Records from a dataset:
———
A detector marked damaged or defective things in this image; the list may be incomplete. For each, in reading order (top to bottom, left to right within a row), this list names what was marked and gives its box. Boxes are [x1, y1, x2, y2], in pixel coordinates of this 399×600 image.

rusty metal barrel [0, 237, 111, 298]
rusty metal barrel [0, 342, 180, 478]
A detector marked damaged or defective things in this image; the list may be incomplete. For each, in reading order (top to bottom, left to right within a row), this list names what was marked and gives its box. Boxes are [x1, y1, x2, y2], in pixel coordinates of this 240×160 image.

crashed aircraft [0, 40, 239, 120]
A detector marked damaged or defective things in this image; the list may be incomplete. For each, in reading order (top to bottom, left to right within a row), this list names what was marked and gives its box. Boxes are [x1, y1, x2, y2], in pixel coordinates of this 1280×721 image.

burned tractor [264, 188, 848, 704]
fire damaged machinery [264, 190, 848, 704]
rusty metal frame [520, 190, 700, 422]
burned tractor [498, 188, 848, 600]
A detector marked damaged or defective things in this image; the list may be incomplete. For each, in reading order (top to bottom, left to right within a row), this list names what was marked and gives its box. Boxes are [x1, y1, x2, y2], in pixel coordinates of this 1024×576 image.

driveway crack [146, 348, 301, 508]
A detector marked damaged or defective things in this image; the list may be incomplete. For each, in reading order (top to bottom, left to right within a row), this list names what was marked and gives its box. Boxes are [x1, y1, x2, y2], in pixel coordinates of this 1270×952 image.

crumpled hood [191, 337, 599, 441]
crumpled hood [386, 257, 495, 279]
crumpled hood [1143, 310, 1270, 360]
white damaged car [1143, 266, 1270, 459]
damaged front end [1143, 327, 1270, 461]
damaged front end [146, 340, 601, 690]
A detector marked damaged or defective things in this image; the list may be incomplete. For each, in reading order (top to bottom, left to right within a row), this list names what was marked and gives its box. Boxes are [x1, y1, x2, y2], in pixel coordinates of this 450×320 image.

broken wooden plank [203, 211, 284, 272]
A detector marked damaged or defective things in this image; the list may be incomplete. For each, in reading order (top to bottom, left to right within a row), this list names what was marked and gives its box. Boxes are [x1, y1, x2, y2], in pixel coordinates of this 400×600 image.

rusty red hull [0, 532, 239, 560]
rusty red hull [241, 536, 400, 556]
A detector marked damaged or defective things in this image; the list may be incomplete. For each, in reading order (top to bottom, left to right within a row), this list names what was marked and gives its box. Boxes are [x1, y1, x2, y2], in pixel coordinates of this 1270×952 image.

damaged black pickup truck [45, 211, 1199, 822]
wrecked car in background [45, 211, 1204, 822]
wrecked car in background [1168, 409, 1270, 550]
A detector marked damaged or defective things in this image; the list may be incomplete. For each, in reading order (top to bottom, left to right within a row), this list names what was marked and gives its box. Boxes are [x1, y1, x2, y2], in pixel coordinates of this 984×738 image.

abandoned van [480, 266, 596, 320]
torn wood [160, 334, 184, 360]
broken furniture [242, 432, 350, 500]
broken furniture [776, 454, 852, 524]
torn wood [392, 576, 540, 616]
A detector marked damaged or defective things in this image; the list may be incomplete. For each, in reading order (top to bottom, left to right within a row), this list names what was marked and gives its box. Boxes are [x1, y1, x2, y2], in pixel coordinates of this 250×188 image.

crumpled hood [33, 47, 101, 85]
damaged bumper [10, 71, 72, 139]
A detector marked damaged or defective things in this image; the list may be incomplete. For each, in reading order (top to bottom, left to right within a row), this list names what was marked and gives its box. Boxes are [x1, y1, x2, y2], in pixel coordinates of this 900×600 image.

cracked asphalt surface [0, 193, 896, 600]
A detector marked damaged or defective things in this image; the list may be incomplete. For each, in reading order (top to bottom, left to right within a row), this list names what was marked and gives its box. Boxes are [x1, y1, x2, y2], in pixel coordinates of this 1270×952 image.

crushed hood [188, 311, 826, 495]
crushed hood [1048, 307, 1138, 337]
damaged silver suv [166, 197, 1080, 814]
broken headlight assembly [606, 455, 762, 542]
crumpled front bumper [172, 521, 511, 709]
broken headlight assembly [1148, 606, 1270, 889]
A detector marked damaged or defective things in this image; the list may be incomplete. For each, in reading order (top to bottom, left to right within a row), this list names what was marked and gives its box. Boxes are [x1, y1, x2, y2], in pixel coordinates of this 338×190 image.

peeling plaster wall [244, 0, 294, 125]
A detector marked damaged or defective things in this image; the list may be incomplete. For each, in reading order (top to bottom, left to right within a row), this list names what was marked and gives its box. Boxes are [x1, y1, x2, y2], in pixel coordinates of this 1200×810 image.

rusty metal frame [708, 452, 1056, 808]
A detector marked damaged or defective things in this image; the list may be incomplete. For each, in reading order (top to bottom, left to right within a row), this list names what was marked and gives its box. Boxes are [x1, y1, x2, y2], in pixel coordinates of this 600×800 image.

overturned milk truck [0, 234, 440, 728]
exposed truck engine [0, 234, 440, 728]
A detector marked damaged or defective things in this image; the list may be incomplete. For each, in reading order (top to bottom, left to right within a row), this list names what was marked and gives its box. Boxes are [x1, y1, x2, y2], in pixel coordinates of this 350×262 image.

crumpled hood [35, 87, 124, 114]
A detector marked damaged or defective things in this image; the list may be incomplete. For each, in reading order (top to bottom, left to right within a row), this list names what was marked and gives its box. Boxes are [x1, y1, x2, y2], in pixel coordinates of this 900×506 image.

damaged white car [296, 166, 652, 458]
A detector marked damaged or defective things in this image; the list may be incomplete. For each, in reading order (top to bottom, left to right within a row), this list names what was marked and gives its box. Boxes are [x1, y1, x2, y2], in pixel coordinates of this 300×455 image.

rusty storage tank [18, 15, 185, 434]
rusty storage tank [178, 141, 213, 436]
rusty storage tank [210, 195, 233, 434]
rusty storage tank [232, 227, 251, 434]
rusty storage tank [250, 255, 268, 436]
———
### WORK TASK
For this exercise, output the records in full, exactly.

### RESPONSE TO THIS EXERCISE
A detector marked damaged or defective things in this image; the list may be incomplete. For each, in reading order (top to bottom, left to right within a row), this list names what was marked and gives its box. Boxes are [x1, y1, x2, y2], in pixel coordinates of this 399×600 image.

rusty metal barrel [0, 237, 111, 298]
rusty metal barrel [0, 342, 180, 478]
A detector marked damaged or defective things in this image; the list may be incomplete. For each, in reading order (top to bottom, left to right within a row), this list names what was marked and gives its box. Boxes are [x1, y1, x2, y2], in pixel coordinates of this 240×160 image.

crashed aircraft [0, 40, 239, 120]
A detector marked damaged or defective things in this image; the list may be incomplete. For each, in reading order (top to bottom, left to right within a row), this list names what was marked and gives its box. Boxes are [x1, y1, x2, y2], in pixel coordinates of this 1280×721 image.

burned tractor [264, 188, 848, 704]
fire damaged machinery [264, 190, 848, 704]
rusty metal frame [520, 190, 700, 422]
burned tractor [498, 188, 848, 600]
A detector marked damaged or defective things in this image; the list may be incomplete. For each, in reading order (top to bottom, left to right within a row), this list names what was marked and gives its box. Boxes are [x1, y1, x2, y2], in pixel coordinates of this 1024×576 image.

driveway crack [146, 348, 301, 508]
A detector marked damaged or defective things in this image; the list may be incomplete. For each, in reading order (top to bottom, left to right within a row), this list names what was marked and gives its box. Boxes are [x1, y1, x2, y2], in pixel coordinates of this 1270×952 image.

crumpled hood [191, 337, 599, 441]
crumpled hood [386, 257, 495, 279]
crumpled hood [1143, 310, 1270, 360]
white damaged car [1143, 266, 1270, 459]
damaged front end [1143, 327, 1270, 461]
damaged front end [146, 340, 601, 690]
A detector marked damaged or defective things in this image; the list may be incomplete. For each, in reading order (top to bottom, left to right within a row), this list names what was marked and gives its box. Boxes are [x1, y1, x2, y2], in pixel coordinates of this 450×320 image.

broken wooden plank [203, 211, 284, 272]
A detector marked damaged or defective things in this image; the list may be incomplete. For each, in reading order (top to bottom, left to right within a row), this list names what was marked and gives its box. Boxes are [x1, y1, x2, y2], in pixel coordinates of this 400×600 image.

rusty red hull [0, 532, 239, 560]
rusty red hull [241, 536, 400, 556]
A detector marked damaged or defective things in this image; the list may be incomplete. For each, in reading order (top to bottom, left to right within a row), this list names what was marked and gives its box. Boxes are [x1, y1, x2, y2], in pixel coordinates of this 1270×952 image.

damaged black pickup truck [45, 211, 1199, 822]
wrecked car in background [45, 211, 1204, 822]
wrecked car in background [1168, 409, 1270, 550]
A detector marked damaged or defective things in this image; the list may be incomplete. For each, in reading order (top to bottom, left to right within a row), this list names what was marked and gives its box. Boxes are [x1, y1, x2, y2], in pixel coordinates of this 984×738 image.

abandoned van [480, 266, 596, 320]
torn wood [160, 334, 184, 360]
broken furniture [242, 432, 350, 500]
broken furniture [776, 454, 852, 524]
torn wood [392, 576, 540, 616]
A detector marked damaged or defective things in this image; the list may be incomplete. For each, in reading order (top to bottom, left to right within a row), this list names what was marked and gives its box. Boxes are [x1, y1, x2, y2], in pixel coordinates of this 250×188 image.

crumpled hood [33, 47, 101, 85]
damaged bumper [10, 71, 72, 139]
A detector marked damaged or defective things in this image; the list may be incomplete. For each, in reading order (top to bottom, left to right within a row), this list names what was marked and gives its box. Boxes are [x1, y1, x2, y2], in pixel coordinates of this 900×600 image.

cracked asphalt surface [0, 193, 896, 600]
A detector marked damaged or defective things in this image; the list may be incomplete. For each, in reading order (top to bottom, left to right within a row), this list names what was marked and gives its box. Boxes are [x1, y1, x2, y2], in pixel coordinates of this 1270×952 image.

crushed hood [188, 311, 826, 495]
crushed hood [1048, 307, 1138, 337]
damaged silver suv [166, 197, 1080, 814]
broken headlight assembly [606, 455, 762, 542]
crumpled front bumper [172, 521, 511, 709]
broken headlight assembly [1148, 606, 1270, 889]
A detector marked damaged or defective things in this image; the list may be incomplete. For each, in reading order (top to bottom, left to right within a row), this list names what was marked and gives its box. Boxes are [x1, y1, x2, y2], in pixel coordinates of this 338×190 image.

peeling plaster wall [244, 0, 294, 125]
A detector marked damaged or defective things in this image; the list may be incomplete. For each, in reading order (top to bottom, left to right within a row), this list names what was marked and gives its box. Boxes are [x1, y1, x2, y2], in pixel coordinates of this 1200×810 image.

rusty metal frame [708, 452, 1056, 808]
A detector marked damaged or defective things in this image; the list may be incomplete. For each, in reading order (top to bottom, left to right within a row), this list names what was marked and gives its box. Boxes are [x1, y1, x2, y2], in pixel coordinates of this 600×800 image.

overturned milk truck [0, 234, 440, 728]
exposed truck engine [0, 234, 440, 728]
A detector marked damaged or defective things in this image; the list may be incomplete. For each, in reading order (top to bottom, left to right within a row), this list names what was marked and gives its box. Boxes are [x1, y1, x2, y2], in pixel coordinates of this 350×262 image.

crumpled hood [35, 87, 124, 114]
A detector marked damaged or defective things in this image; the list may be incomplete. For each, in reading order (top to bottom, left to right within a row), this list names what was marked and gives its box. Boxes are [x1, y1, x2, y2], in pixel coordinates of this 900×506 image.

damaged white car [296, 166, 652, 458]
A detector marked damaged or defective things in this image; the list may be incomplete. For each, in reading order (top to bottom, left to right within a row), this list names what was marked and gives its box. Boxes are [x1, y1, x2, y2], in pixel coordinates of this 300×455 image.

rusty storage tank [18, 15, 185, 434]
rusty storage tank [178, 141, 213, 436]
rusty storage tank [210, 195, 233, 434]
rusty storage tank [232, 227, 251, 434]
rusty storage tank [250, 255, 268, 436]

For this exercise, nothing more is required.